4)To compute the pseudo-random gradient, we can first precompute a table of permutations P[n], and a
table of gradients G[n].
New Perlin Noise algorithm is as follows
This algorithm has two main stages.
1) The first stage generates a repeatable
pseudorandom value for every integer (x,y,z) position in 3D space.
Improved Perlin noise algorithm uses a hash function. The hash function
is based on a permutation table that contains the
integers from 0 to 255 in random order.First table is indexed based on
the x-coordinate of the position. Then the y coordinate is added to the
value at this position in the table, and the result is used to look up
in the table again. After this
process is repeated for the z cordinate, the result is a pseudorandom
integer for every possible (x, y, z) position.
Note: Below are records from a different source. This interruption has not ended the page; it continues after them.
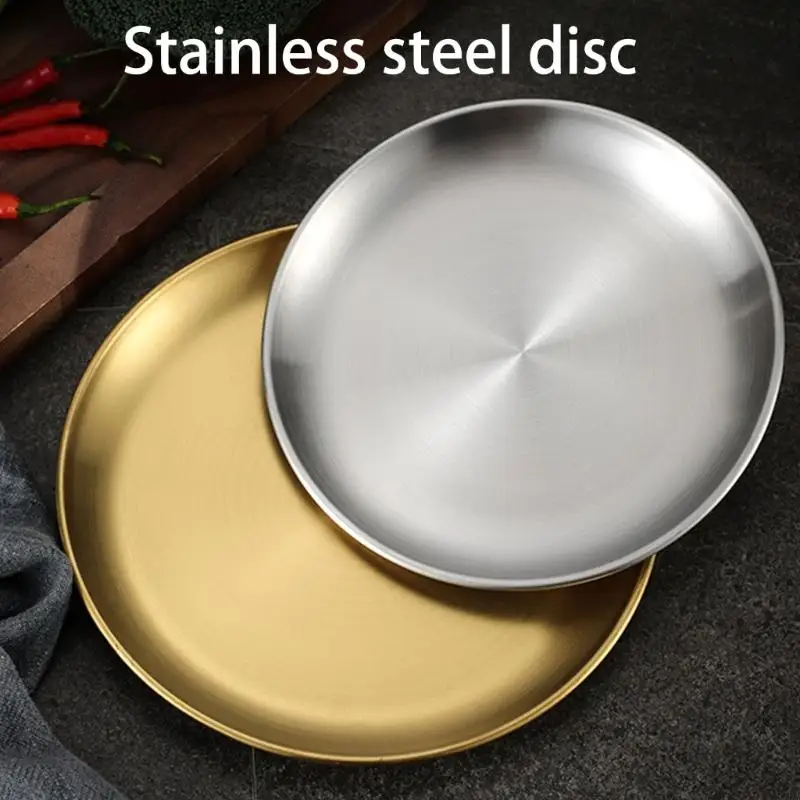 97BA Practical Steel Serving Trays Corrosions Resistant Design Plate Party Tableware
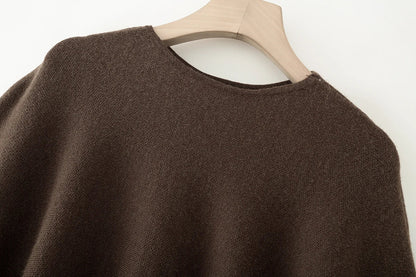 Damen Poncho Pullover V-Ausschnitt Weiches Material in Braun und Schwarz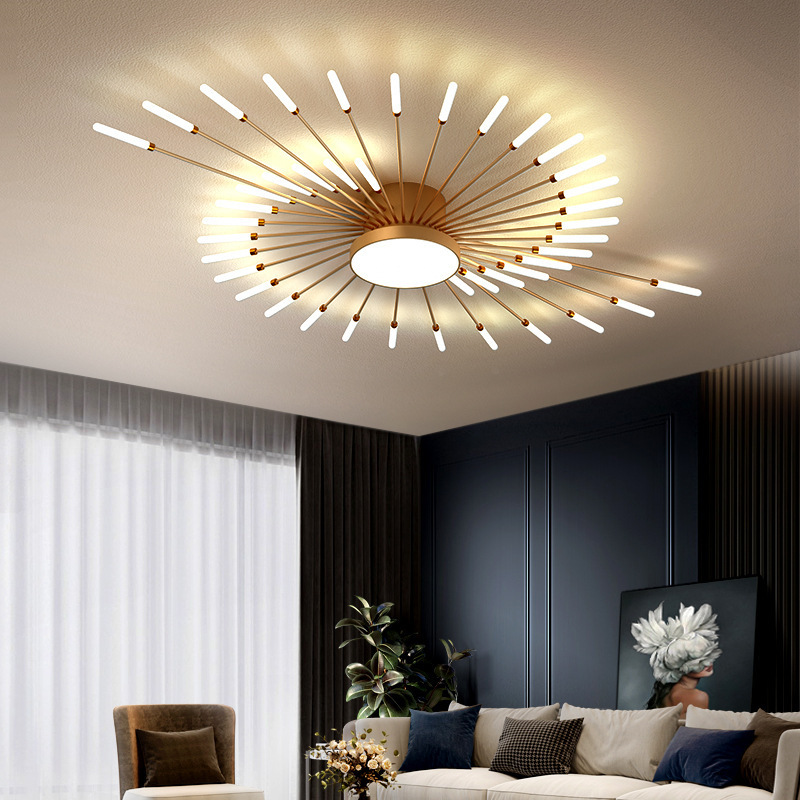 Sputnik Modern Linear Semi Flush Mount Ceiling Light Acrylic Starburst Ceiling Light Fixture Spiral Desgin Black Gold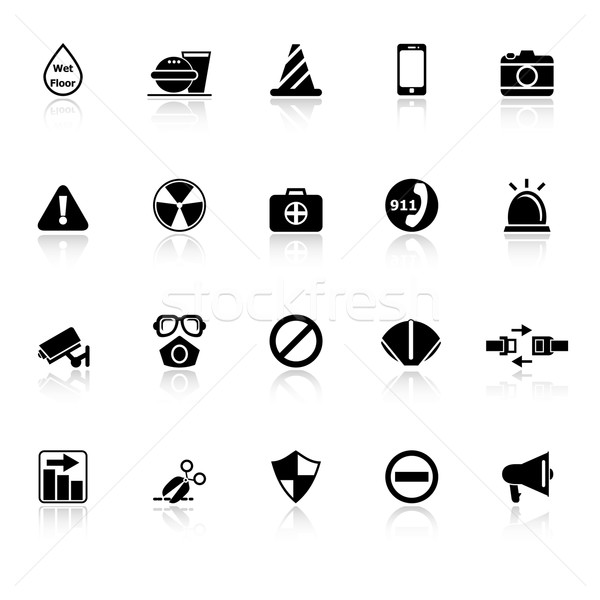 General useful icons with reflect on white background Stock photo © nalinratphi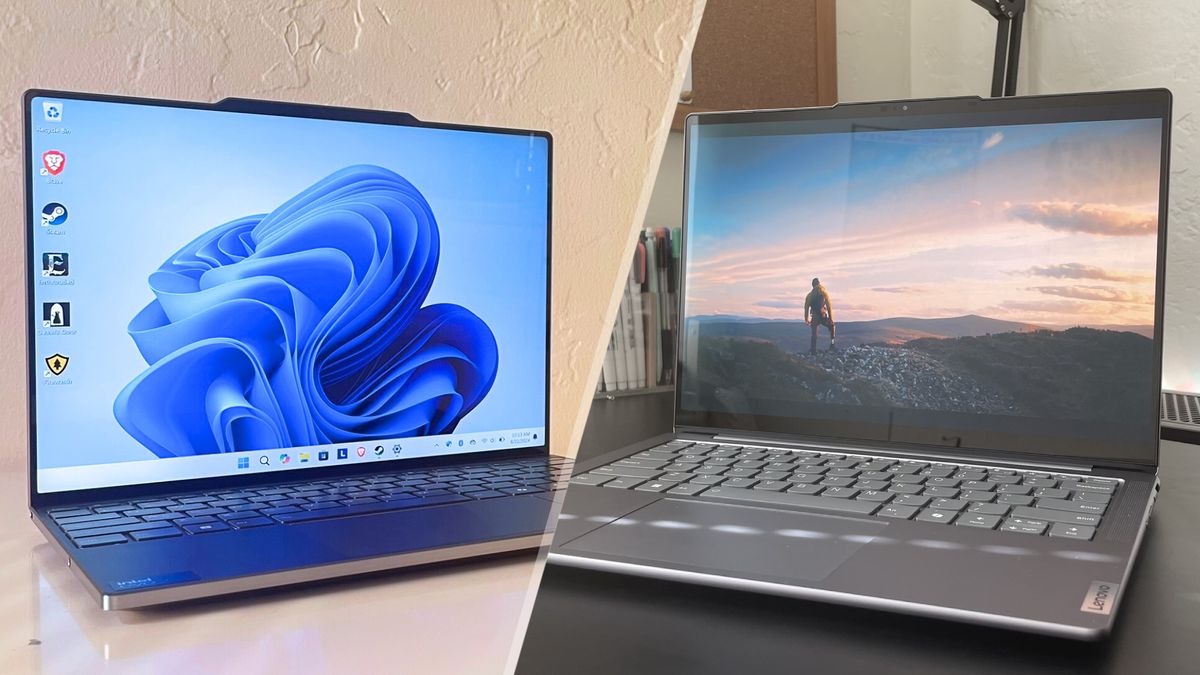 A split image with the Lenovo ThinkBook 13x G4 on the left and the Lenovo Slim 7i Gen 9 on the right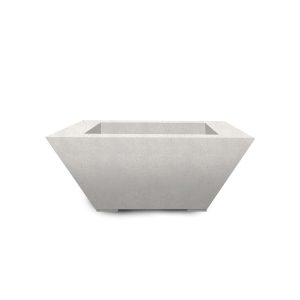 Pelican View 30 Inch Square GFRC Propane Fire & Water Bowl in White by Lakeview Outdoor Designs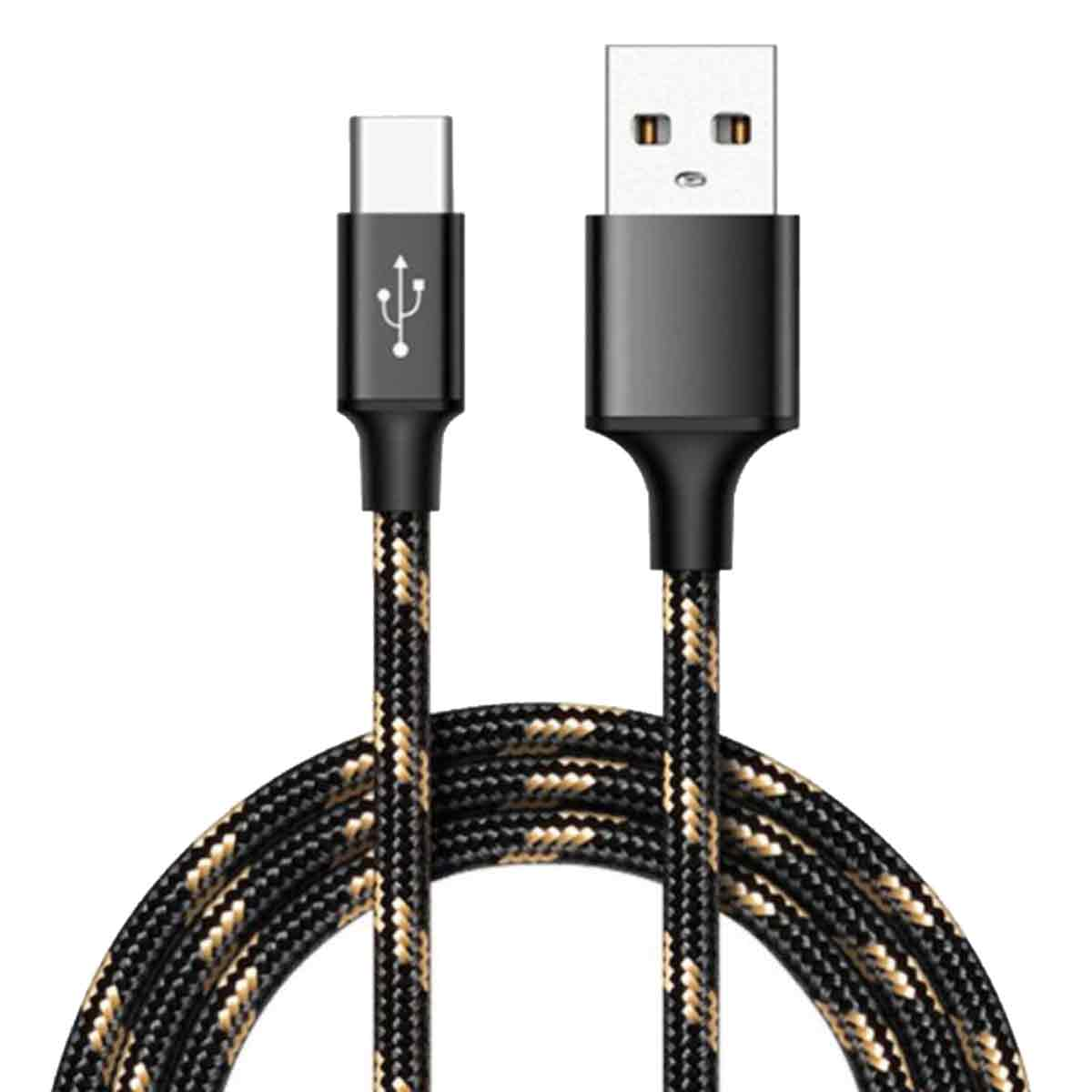 USB-Ladekabel mit USB-A- und USB-C-Anschlüssen. Das Kabel ist schwarz mit goldenen und weißen Akzenten.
2) In the second stage, this pseudorandom integer is
used to index into a table of 3D gradient vectors. In the improved
algorithm, only eight different gradients are used. A scalar value is
calculated by taking the dot product
between the gradient and the functional position
within the noise space. The final value is obtained by interpolating
between the noise values for each of the neighboring eight points in
space.
So the fade function in the below implementation returns "t*t*t*(t*(t*6.0-15.0)+10.0)".
Tools used for implementation: Cg for implementing shaders, opengl and glut for GUI and window management respectively.
Perlin Noise
Below snap shots show noise generated using both old and new(improved) Perlin noise method.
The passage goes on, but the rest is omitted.